- **THE PROBLEM**: Reproduce the records below exactly, but only between the lines holding "Garrincha: 40 años" and "image for Excellent", inclusive.

(Web page caption snippets)
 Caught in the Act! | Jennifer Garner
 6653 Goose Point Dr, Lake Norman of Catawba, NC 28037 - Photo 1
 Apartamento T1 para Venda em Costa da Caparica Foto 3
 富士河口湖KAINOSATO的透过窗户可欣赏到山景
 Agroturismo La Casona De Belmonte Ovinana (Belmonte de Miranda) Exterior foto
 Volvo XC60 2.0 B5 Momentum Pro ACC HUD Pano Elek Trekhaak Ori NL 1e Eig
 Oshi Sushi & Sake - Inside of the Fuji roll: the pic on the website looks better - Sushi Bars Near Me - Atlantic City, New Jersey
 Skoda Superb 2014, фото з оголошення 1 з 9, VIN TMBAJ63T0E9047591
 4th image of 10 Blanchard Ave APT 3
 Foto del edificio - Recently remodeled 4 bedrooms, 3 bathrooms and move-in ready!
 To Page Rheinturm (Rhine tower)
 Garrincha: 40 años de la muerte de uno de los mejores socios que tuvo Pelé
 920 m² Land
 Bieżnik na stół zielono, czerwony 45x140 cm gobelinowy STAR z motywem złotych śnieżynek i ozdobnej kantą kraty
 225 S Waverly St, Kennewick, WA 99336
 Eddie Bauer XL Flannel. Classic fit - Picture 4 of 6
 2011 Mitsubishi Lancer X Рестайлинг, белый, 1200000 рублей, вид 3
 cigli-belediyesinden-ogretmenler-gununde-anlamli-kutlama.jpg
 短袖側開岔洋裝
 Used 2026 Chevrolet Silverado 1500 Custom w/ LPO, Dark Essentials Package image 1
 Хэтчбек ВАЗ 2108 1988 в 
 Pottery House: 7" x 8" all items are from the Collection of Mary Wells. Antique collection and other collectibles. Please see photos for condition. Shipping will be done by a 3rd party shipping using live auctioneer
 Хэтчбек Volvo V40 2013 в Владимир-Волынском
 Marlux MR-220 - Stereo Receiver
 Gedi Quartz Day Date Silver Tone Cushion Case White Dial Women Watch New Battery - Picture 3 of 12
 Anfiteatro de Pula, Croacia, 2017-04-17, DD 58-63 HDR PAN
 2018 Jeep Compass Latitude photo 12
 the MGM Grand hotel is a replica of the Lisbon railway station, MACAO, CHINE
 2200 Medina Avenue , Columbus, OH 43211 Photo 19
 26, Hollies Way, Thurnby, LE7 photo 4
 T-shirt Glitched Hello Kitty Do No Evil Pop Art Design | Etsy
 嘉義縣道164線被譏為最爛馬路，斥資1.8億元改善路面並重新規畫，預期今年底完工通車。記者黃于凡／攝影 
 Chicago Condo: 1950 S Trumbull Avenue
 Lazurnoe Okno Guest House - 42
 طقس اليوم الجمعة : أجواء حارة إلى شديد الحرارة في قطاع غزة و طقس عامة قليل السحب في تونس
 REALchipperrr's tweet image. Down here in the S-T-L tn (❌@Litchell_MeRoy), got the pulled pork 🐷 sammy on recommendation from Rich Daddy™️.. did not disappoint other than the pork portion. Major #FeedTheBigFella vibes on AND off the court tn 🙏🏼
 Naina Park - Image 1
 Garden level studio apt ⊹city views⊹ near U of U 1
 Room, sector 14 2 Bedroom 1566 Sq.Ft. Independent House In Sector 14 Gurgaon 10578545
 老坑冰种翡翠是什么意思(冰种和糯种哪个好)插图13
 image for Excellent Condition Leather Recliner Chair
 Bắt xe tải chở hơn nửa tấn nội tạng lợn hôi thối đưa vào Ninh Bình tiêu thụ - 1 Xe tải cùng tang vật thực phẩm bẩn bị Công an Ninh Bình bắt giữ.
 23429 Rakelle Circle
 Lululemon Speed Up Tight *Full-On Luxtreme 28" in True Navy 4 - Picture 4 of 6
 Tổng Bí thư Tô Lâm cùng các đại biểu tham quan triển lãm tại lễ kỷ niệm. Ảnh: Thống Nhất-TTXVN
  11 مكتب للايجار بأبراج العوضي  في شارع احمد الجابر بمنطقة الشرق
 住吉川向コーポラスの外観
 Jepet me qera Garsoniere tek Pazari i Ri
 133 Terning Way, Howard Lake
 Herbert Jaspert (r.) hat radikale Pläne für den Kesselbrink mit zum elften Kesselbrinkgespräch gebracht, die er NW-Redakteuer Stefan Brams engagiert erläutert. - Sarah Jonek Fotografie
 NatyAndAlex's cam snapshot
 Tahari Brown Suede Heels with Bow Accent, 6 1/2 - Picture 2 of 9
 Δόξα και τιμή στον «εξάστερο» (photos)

- **SOLUTION FOR THIS PROBLEM**:
 Garrincha: 40 años de la muerte de uno de los mejores socios que tuvo Pelé
 920 m² Land
 Bieżnik na stół zielono, czerwony 45x140 cm gobelinowy STAR z motywem złotych śnieżynek i ozdobnej kantą kraty
 225 S Waverly St, Kennewick, WA 99336
 Eddie Bauer XL Flannel. Classic fit - Picture 4 of 6
 2011 Mitsubishi Lancer X Рестайлинг, белый, 1200000 рублей, вид 3
 cigli-belediyesinden-ogretmenler-gununde-anlamli-kutlama.jpg
 短袖側開岔洋裝
 Used 2026 Chevrolet Silverado 1500 Custom w/ LPO, Dark Essentials Package image 1
 Хэтчбек ВАЗ 2108 1988 в 
 Pottery House: 7" x 8" all items are from the Collection of Mary Wells. Antique collection and other collectibles. Please see photos for condition. Shipping will be done by a 3rd party shipping using live auctioneer
 Хэтчбек Volvo V40 2013 в Владимир-Волынском
 Marlux MR-220 - Stereo Receiver
 Gedi Quartz Day Date Silver Tone Cushion Case White Dial Women Watch New Battery - Picture 3 of 12
 Anfiteatro de Pula, Croacia, 2017-04-17, DD 58-63 HDR PAN
 2018 Jeep Compass Latitude photo 12
 the MGM Grand hotel is a replica of the Lisbon railway station, MACAO, CHINE
 2200 Medina Avenue , Columbus, OH 43211 Photo 19
 26, Hollies Way, Thurnby, LE7 photo 4
 T-shirt Glitched Hello Kitty Do No Evil Pop Art Design | Etsy
 嘉義縣道164線被譏為最爛馬路，斥資1.8億元改善路面並重新規畫，預期今年底完工通車。記者黃于凡／攝影 
 Chicago Condo: 1950 S Trumbull Avenue
 Lazurnoe Okno Guest House - 42
 طقس اليوم الجمعة : أجواء حارة إلى شديد الحرارة في قطاع غزة و طقس عامة قليل السحب في تونس
 REALchipperrr's tweet image. Down here in the S-T-L tn (❌@Litchell_MeRoy), got the pulled pork 🐷 sammy on recommendation from Rich Daddy™️.. did not disappoint other than the pork portion. Major #FeedTheBigFella vibes on AND off the court tn 🙏🏼
 Naina Park - Image 1
 Garden level studio apt ⊹city views⊹ near U of U 1
 Room, sector 14 2 Bedroom 1566 Sq.Ft. Independent House In Sector 14 Gurgaon 10578545
 老坑冰种翡翠是什么意思(冰种和糯种哪个好)插图13
 image for Excellent Condition Leather Recliner Chair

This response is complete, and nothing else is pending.